MBPP uses the pass@k metric, which has become the standard evaluation metric for code generation benchmarks. This metric was formalized by Chen et al. (2021) in the Codex paper ("Evaluating Large Language Models Trained on Code"). ^[2]

Definition

The pass@k metric measures the probability that at least one of k generated code samples for a given problem passes all associated test cases. For pass@1, the model gets a single attempt per problem.
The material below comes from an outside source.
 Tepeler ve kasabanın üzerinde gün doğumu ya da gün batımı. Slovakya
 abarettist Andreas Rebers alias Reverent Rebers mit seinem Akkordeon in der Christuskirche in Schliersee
For pass@10 or pass@100, the model generates multiple candidate solutions and succeeds if any one of them passes.

Unbiased Estimator

Rather than simply checking whether at least one of k samples is correct (which would introduce bias from the selection of k samples), Chen et al. proposed an unbiased estimator. ^[2] The procedure works as follows:

Generate n total code samples per problem (where n >= k).
Count the number of correct samples c that pass all test cases.
Compute the unbiased estimate:

pass@k = 1 - C(n - c, k) / C(n, k)

Here, C(a, b) denotes the binomial coefficient "a choose b." This formula calculates the complement of the probability that all k selected samples from the n generated candidates are incorrect, using sampling without replacement. If n - c < k (meaning there are fewer failing samples than the budget), pass@k equals 1.0 because at least one correct sample is guaranteed in any draw of k.

The key advantage of this estimator over a naive approach (such as 1 - (1 - pass@1)^k) is that it correctly accounts for finite-pool sampling without replacement, avoiding the independence assumptions that cause bias in simpler estimators.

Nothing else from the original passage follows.